- ACTION ITEM
Find every line of the records that has "Ford" and return it.

++++ TASK INPUT ++++

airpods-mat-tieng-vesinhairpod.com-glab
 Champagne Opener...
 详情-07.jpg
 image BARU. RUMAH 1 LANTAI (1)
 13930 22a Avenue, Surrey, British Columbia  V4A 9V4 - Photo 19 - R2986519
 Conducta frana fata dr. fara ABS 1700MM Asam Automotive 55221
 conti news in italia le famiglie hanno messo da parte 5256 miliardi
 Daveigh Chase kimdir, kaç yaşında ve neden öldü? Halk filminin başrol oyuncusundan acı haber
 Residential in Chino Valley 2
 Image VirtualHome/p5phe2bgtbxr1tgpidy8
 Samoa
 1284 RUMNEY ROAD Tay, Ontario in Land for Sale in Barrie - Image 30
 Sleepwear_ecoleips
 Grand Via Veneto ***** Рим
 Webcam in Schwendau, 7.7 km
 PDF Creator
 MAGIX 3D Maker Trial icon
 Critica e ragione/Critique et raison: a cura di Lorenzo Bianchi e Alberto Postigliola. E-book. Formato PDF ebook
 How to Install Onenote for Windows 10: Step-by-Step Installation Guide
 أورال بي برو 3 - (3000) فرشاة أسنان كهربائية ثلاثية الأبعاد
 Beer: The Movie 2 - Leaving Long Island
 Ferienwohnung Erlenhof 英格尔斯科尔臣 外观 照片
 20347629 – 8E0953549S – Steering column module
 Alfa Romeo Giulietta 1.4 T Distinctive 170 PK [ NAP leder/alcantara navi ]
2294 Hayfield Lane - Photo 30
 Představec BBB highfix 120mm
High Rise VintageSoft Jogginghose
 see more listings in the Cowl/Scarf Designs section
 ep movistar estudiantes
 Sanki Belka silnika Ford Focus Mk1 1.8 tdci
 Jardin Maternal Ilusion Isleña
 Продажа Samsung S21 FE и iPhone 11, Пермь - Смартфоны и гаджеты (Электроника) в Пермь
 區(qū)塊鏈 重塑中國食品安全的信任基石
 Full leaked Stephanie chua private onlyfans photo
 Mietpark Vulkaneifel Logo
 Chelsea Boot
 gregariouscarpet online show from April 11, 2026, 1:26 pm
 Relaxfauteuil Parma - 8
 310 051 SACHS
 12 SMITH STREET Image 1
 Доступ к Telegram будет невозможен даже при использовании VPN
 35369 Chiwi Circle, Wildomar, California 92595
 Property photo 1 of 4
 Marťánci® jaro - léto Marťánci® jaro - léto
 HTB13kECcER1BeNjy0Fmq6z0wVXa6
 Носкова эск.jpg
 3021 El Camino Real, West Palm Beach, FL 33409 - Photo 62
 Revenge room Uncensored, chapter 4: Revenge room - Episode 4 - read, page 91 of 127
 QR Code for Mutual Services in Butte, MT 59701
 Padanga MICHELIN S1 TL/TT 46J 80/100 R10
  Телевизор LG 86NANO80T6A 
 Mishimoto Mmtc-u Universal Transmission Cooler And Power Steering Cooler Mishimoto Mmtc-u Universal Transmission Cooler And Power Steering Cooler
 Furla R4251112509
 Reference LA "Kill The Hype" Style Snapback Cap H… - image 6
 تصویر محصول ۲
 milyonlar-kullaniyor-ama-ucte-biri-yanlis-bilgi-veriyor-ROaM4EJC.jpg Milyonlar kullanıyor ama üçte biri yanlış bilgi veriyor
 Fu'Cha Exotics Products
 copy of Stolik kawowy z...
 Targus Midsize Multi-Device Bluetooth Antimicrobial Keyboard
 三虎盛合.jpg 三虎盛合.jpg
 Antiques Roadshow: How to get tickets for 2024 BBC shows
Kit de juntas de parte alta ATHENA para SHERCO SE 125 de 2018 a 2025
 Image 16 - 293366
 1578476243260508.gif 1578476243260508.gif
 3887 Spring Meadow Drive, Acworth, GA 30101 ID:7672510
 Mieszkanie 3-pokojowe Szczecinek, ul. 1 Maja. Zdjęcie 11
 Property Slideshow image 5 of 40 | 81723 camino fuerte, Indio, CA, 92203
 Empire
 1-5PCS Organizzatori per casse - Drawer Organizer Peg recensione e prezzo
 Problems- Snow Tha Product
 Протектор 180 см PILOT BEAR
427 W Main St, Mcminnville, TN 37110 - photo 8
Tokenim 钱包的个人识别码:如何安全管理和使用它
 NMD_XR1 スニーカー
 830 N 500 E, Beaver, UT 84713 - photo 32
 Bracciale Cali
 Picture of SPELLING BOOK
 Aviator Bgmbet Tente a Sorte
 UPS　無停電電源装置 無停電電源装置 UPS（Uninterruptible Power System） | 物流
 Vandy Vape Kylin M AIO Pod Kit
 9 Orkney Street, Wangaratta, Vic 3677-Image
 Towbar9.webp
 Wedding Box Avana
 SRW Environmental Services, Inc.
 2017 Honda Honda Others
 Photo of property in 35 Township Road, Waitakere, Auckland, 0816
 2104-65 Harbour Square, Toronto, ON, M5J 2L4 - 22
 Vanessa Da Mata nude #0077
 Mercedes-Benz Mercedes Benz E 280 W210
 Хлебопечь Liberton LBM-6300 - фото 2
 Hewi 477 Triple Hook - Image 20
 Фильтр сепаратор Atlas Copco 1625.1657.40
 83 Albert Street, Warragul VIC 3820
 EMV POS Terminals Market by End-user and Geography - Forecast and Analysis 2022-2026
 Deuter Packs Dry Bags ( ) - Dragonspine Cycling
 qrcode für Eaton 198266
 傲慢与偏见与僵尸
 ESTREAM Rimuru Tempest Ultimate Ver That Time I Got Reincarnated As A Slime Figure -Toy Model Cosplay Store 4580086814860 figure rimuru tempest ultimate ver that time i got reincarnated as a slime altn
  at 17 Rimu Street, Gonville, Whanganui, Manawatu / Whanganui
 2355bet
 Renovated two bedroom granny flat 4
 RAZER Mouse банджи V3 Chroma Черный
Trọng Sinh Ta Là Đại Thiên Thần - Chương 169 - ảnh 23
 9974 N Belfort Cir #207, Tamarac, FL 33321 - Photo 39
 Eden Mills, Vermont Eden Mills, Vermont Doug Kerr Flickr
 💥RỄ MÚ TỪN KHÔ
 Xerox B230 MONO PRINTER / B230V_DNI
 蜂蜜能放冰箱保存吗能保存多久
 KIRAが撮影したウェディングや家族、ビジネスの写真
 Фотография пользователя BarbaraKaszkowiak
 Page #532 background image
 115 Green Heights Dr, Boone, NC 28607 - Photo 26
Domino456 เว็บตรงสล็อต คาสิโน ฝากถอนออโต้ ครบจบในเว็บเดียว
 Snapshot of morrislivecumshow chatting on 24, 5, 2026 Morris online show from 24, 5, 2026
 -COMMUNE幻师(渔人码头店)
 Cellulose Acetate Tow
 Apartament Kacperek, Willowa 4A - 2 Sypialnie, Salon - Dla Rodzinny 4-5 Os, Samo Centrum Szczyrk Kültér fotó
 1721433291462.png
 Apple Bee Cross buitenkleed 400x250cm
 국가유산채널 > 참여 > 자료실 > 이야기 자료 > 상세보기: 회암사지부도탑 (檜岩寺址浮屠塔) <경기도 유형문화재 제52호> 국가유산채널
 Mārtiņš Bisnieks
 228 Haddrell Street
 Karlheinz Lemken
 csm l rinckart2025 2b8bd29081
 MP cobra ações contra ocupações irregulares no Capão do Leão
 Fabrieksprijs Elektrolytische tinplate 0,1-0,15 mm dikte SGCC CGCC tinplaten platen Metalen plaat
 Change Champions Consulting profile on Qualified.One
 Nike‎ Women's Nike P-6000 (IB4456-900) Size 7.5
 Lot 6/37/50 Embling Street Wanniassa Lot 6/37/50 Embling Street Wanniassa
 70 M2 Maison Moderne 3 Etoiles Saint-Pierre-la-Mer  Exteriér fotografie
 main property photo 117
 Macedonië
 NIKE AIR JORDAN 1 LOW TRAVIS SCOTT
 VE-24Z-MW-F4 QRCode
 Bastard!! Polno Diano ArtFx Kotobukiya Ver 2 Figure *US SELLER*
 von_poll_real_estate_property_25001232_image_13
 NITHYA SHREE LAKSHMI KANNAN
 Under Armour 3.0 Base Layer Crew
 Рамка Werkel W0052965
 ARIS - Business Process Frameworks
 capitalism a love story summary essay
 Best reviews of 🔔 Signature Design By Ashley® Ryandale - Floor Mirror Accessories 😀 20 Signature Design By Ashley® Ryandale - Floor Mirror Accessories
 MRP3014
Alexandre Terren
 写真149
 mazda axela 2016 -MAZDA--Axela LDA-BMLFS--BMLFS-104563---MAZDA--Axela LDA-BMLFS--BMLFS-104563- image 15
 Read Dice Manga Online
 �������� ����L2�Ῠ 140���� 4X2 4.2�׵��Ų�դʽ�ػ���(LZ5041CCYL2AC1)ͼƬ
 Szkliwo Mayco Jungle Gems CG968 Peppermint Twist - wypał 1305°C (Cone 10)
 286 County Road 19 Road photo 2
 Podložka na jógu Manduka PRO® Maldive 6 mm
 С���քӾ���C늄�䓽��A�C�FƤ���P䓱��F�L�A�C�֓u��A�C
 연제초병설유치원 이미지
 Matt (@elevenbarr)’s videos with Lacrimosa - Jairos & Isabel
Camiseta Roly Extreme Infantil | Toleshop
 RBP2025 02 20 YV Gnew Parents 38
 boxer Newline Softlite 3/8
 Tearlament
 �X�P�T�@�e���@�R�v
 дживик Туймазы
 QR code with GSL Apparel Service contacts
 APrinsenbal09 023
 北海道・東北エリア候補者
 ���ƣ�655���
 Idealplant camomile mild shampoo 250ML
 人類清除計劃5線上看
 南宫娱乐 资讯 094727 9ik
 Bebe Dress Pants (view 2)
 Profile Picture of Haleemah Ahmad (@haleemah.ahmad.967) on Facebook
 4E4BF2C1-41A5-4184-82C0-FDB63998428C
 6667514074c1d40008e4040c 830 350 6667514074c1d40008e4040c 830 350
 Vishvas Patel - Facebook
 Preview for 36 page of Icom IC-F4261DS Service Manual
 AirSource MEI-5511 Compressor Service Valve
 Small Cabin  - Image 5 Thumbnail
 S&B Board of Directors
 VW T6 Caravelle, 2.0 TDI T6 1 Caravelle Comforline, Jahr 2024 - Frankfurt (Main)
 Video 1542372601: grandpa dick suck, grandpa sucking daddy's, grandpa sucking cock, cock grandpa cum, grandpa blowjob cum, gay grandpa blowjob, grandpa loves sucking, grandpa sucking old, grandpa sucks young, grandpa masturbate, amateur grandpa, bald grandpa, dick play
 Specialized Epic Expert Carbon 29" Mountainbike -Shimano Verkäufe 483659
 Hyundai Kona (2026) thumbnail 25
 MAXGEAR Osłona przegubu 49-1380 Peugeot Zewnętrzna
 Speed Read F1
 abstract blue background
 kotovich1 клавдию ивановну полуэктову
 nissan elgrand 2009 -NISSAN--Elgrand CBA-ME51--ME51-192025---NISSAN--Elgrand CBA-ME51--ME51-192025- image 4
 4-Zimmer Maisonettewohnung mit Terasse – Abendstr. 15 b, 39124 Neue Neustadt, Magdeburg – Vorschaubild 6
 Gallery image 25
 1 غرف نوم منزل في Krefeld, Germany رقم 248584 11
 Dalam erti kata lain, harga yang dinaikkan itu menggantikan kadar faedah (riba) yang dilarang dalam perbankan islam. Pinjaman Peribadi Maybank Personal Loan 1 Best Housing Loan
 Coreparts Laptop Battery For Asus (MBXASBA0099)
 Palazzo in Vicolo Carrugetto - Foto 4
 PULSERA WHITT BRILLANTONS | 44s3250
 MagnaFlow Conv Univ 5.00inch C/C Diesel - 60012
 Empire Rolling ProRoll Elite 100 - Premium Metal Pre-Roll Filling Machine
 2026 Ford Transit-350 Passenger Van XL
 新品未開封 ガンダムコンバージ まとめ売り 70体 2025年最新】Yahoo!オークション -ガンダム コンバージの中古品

++++

- SOLUTION TO THIS TASK
 Sanki Belka silnika Ford Focus Mk1 1.8 tdci
 2026 Ford Transit-350 Passenger Van XL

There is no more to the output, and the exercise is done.